Gold has correlations with great value, with riches and treasures. We also associate gold with a sense of longevity, of perpetuity, for it has been precious to humankind for millennia. So too must we hold our companions on Planet Ocean, be they polyp-ed or plain, scaled or shelled, finned or feathered or furred, barked or stemmed or vined.
The “new-to-science” descriptor is important. There’s nothing really “discovered” about new species; they’ve been hanging around for eons. But we don’t consider them discovered—real—until we give them a name (in this case, Thouarella aureolabyrinthea), vet it with the International Commission on Zoological Nomenclature, and publish it in a peer-reviewed science journal. The coral I named has been around for thousands, maybe millions of years, minding its own coral business and existing in its coral umwelt. It’s new to us only because we’re newly able to explore such abyssal depths.
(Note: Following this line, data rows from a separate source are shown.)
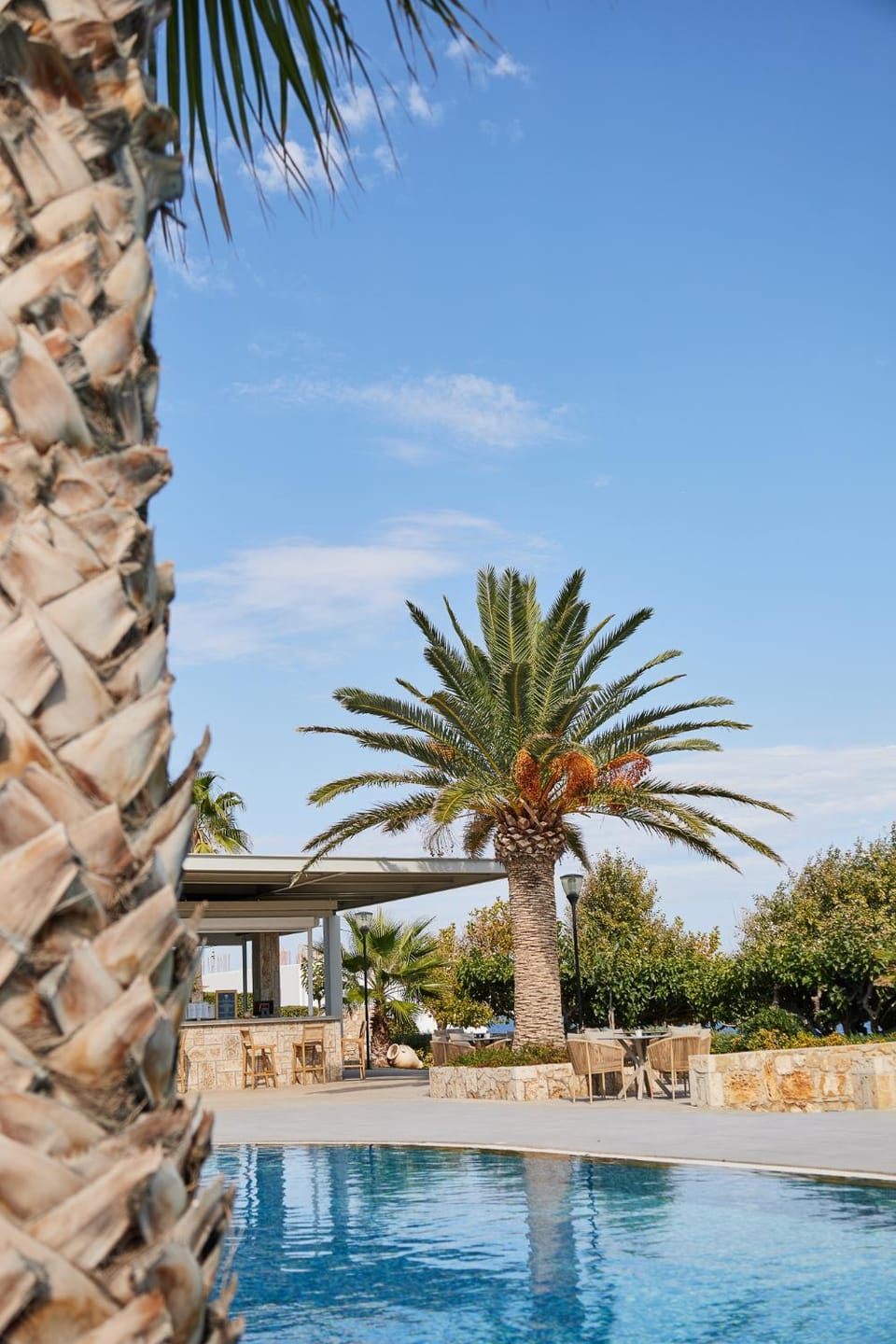 Skiros Palace Hotel Hotel in Euboea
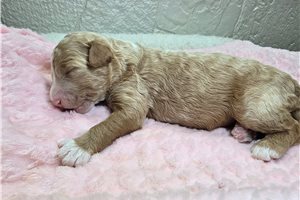 Goldie - Sheepadoodle for sale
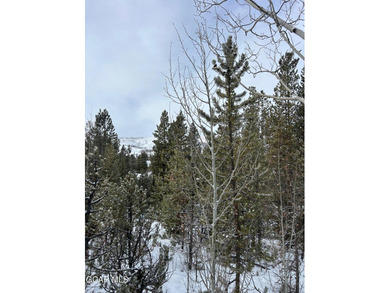 Columbine Lake Lot For Sale in Grand Lake Colorado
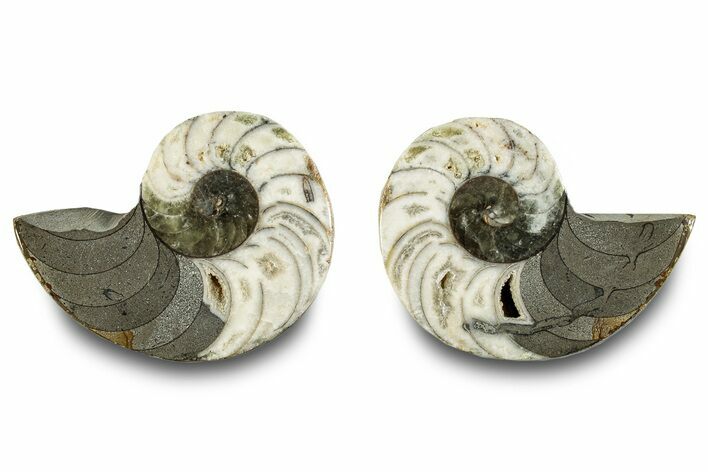 Jurassic Cut & Polished Nautilus (Cymatoceras) Fossil -Madagascar #283119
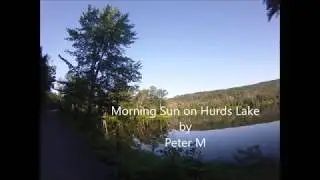 Morning Sun 1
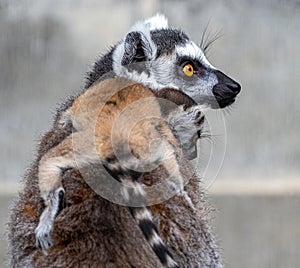 Baby ring tailed lemur clutching its parent\'s back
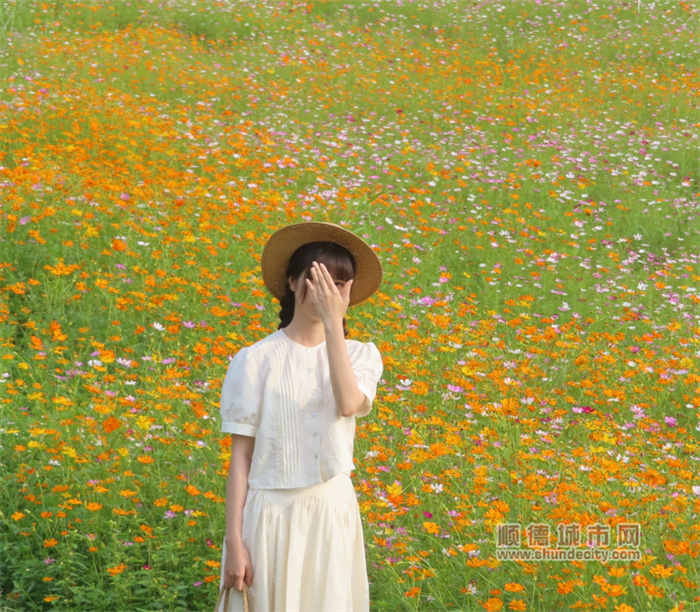 20230424 烏洲水閘 花 老牛9.jpg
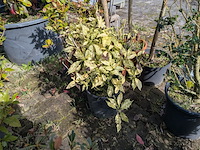 Partij diverse tuinplanten in pot - afbeelding 13 van  32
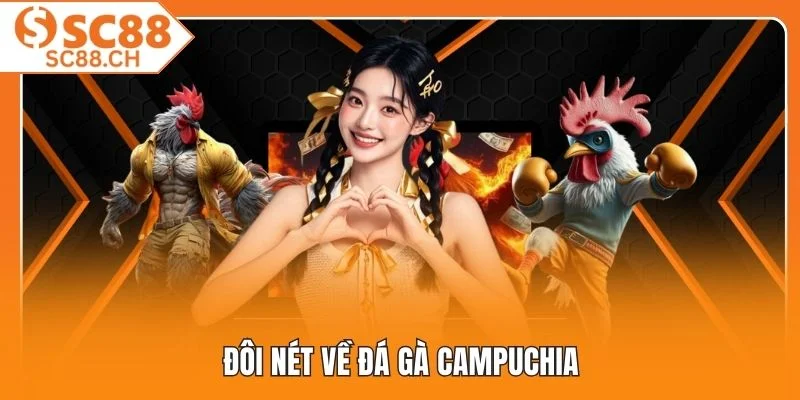 Đôi nét về đá gà Campuchia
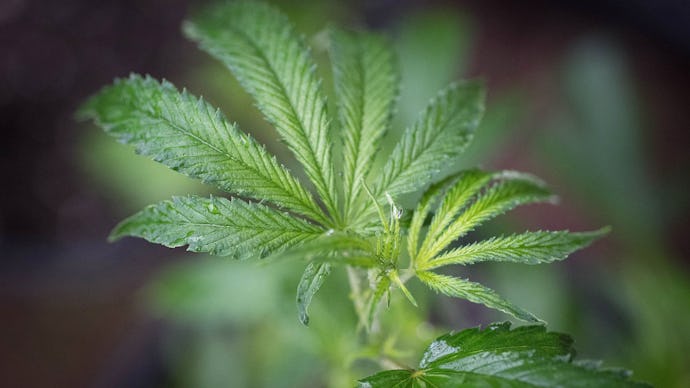 Marijuana leaves, a potential autism treatment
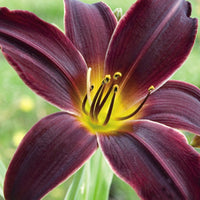 Hemerocallis american revolution - Taglilie ‘American Revolution’ - Hemerocallis - Taglilie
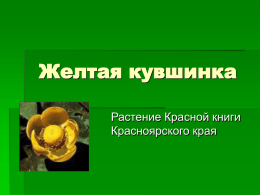 Желтая кувшинка Растение Красной книги Красноярского края   Желтая кувшинка (Nuphar luteum) —  многолетнее травянистое растение, относящееся к семейству кувшинковых. Цветок кувшинки желтой внимательно следит за передвижениями Солнца.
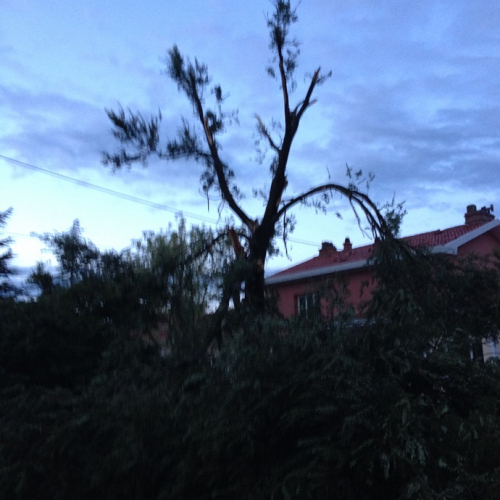 Sgonico 21/08/2014 foto n.5 / 110783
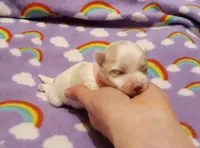 Pink, a female Maltese for sale in Bonney Lake, WA – Photo 3 of 7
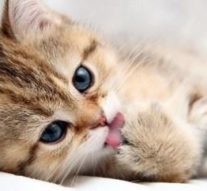 Как приучить кота к лотку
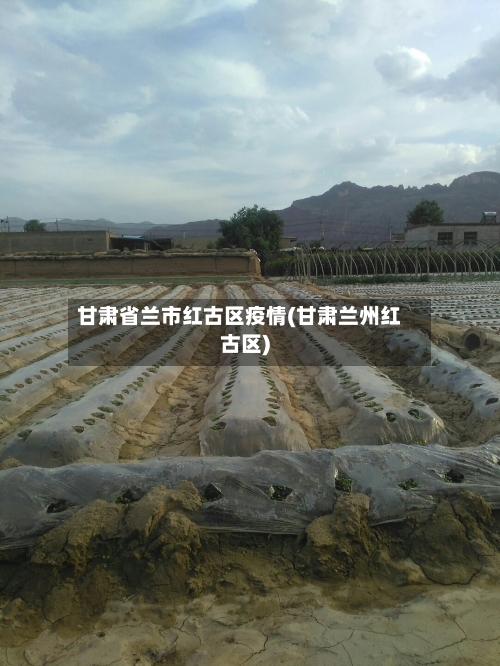 甘肃省兰市红古区疫情(甘肃兰州红古区)-第3张图片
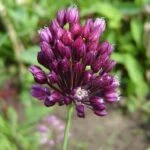Лук Вальдштейна (Allium waldsteinii)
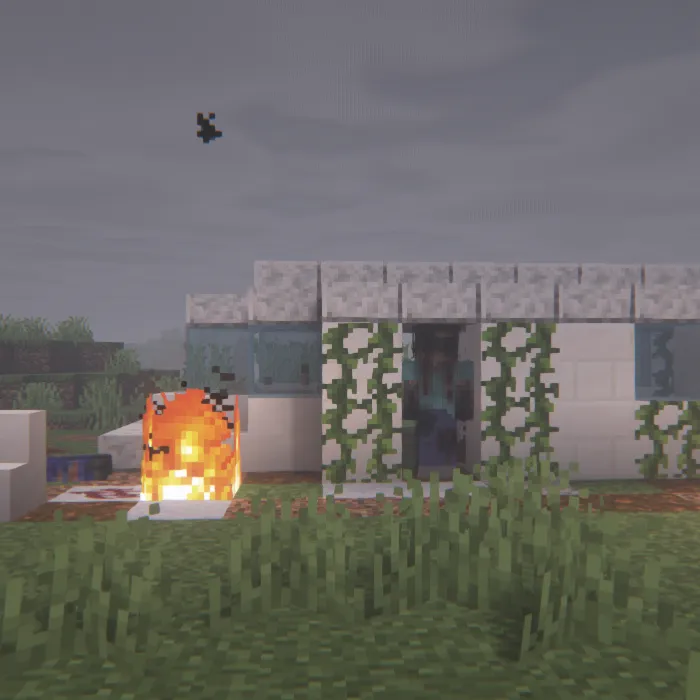 The Dweller Of The Plane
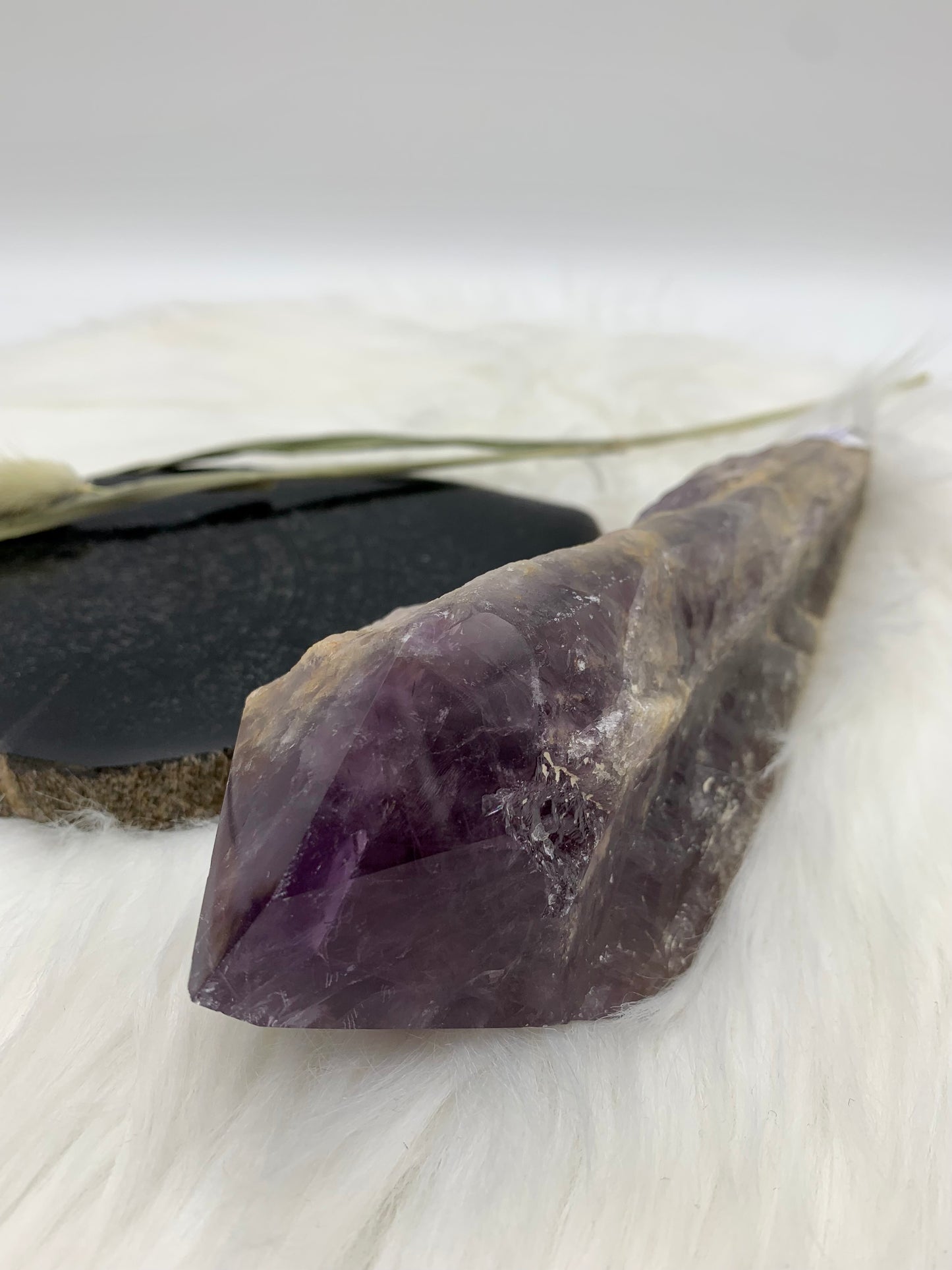 Amethyst Drachenzahn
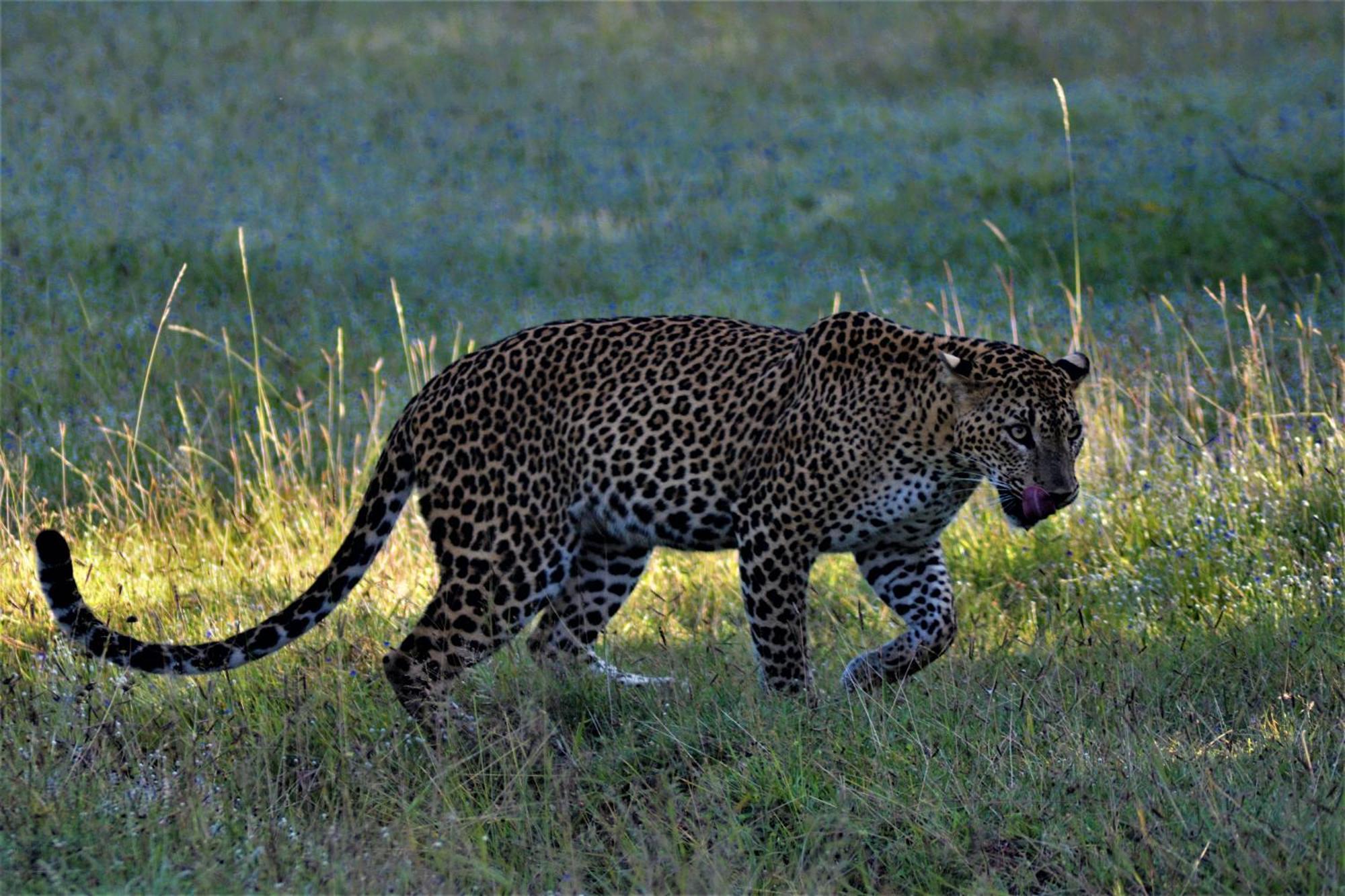 Yala Podi Hoona Bush Camp Hotell Exteriör bild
The coral of course doesn’t care what we call it. But for humans, naming is a serious, sacred business, perhaps one of the most important we do.
We name things to make them “real,” as in the tradition of some cultures that nothing exists until it is named. In the Bible, after God created animals, He brought them to be named by Adam: “So the man gave names to all the livestock, the birds in the sky and all the wild animals.” Because, in this tradition, they were to be subject to humans? Because God wanted humans to finish the act of creation by realizing our responsibility to them? Because it was a recognition that humans and animals were to be real to each other, sacred companions to each other?